La Vieillasse retire vivement sa main orthodoxe :

— C'est vraiment à toi ?

— Tout, roustons compris, jure le Majestueux. Un traitement miracle de leur saloperie de labo ; c'est quand même beau, la science, non ?

— Eh bien, mon cher, vous continuez ? s'impatiente Franck Rèche.

— Force m'est. Gertrude Hatchum se réorganisa en Espagne. Elle recréa des laboratoires, fonda un centre de recherches, seulement les Services secrets israéliens « s'occupèrent » d'elle et neutralisèrent ses entreprises. Vous savez combien ces gens ont la rancune tenace.
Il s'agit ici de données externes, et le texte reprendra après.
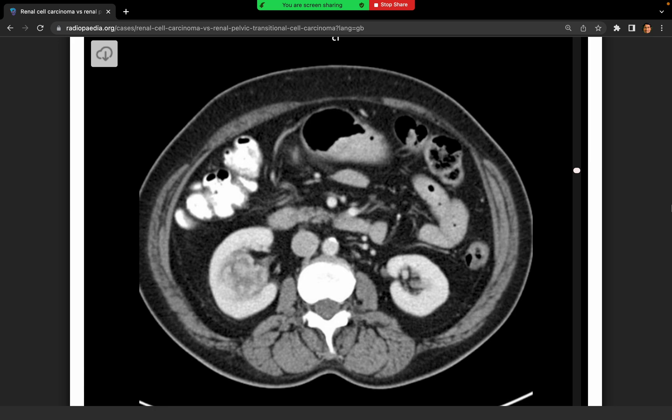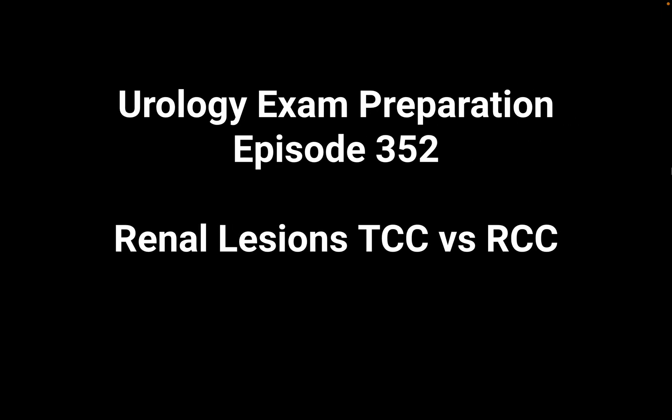For further management, ideally I'd want a urographic phase. I'd also request urine cytology and discuss the results at the MDT. I'd also want a CT chest for full staging — I'm not sure if that's included in this scan. I'd review everything with the uroradiologist to determine whether this is an RCC or upper tract urothelial cancer and take things from there.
— Pire que des Arabes, encourage Rèche. Dommage qu'Hitler ait échoué dans sa mission, cela dit je ne suis pas raciste, vous le savez. Moi, les juifs, j'ai rien contre, fondamentalement parlant. Et pourtant je les ai eus en Algérie. Les juifs, les Arabes, les communistes, le Milieu, et maintenant les Hauts-Savoyards, tout, comment ai-je fait pour subir toute cette pègre sans devenir raciste, ça, c'est un des mystères de ma nature tolérante. Mais continuez, je vous en prie. Alors, cette gueuse de fille Hatchum, traquée par ces misérables Israéliens ?

— Elle finit par comprendre qu'elle n'arriverait à rien au grand jour. Alors elle prit ses dispositions pour disparaître, c'est-à-dire changer radicalement de personnalité, de vie, d'aspect et d'état civil naturellement. Elle se fait confectionner de faux papiers, au nom de Blumenstein. Pendant la guerre les juifs prenaient des identités aryennes, elle, elle opte pour une identité sémite, parce que cela lui semble être le refuge, le comble de la volupté pour cette haïsseuse de juifs…

Rèche ne peut pas se retenir :

— Ecoutez, je ne suis pas raciste, mais je comprends un peu sa haine pour cette race inconcevable. Il y a des moments, quand je prie surtout, car je prie beaucoup, des moments, dis-je, où je me permets d'interroger le Seigneur sur la nécessité de cette tribu d'amaqueurs, de pestilentiels, de Judas honteux. S'agit-il d'une erreur de Sa part ? D'une forme de dégénérescence ? D'une épreuve placée sur la route des gens de bien pour les aider à mériter le Ciel ? Je me demande. Je suis perplexe…

— Ecoutez, Rèche, soyez perplexe, mais laissez-moi terminer. J'ai des lecteurs sur le feu, moi, et ils attendent.

— Pardon. Excuse. Je suis un impulsif. Impulsif, mais pas raciste, oh non, surtout pas, ne vous méprenez pas surtout. Vous disiez donc que cette charmante jeune femme nazie a changé d'identité et s'est fait appeler Blumenstein. Sacrée ruse, hé ? Bravo, ma poule. Elle devait avoir du chignon, la coquine. Mais attendez, Blumenstein, vous dites ? Vous avez bien lancé ce nom ? Blumenstein ? Comme le fils de la lessive Patemouille ?

— Sa mère.

Il se masse la nuque comme à la suite d'une gueule de bois lorsque, au réveil, il y a une espèce de matin de pâques dans ta tronche.

— Sa mère ? Vous dites sa mère. Vous voulez dire… sa mère ?

— Je veux dire sa mère.

— Mais je la connais, sa mère.

— Je sais.

— Elle n'a rien… Elle n'est pas… Elle est un peu…

— Je sais, je sais. Cela vous prouve à quel point une femme résolue peut modifier sa personnalité pour atteindre son but.

— Mais enfin, Santantatonio… Elle est frappadingue, cette vieille ?

— Qu'elle se soit plus ou moins prise à son jeu n'est pas exclu. En tout cas, il lui reste assez de lucidité pour continuer de driver le plus étonnant réseau qu'il m'ait été donné de démasquer, mon cher. Selon moi, elle a consacré toute son intelligence et toute son énergie à une cause à laquelle elle a sacrifié sa vie de femme. Son existence n'aura été que l'édification d'un extraordinaire paravent à l'abri duquel elle a accompli son œuvre. Devenue Blumenstein, elle a voulu se mettre complètement à l'abri en épousant un con nommé Michu. Suprême astuce. Pendant plusieurs décades, Gertrude a supporté la sottise épaisse et les grossièretés d'un faux maquignon déguisé en homme d'affaires, en lui laissant entendre qu'il avait barre sur elle. Et pendant ce temps, dans l'ombre, l'araignée Hatchum tissait sa toile.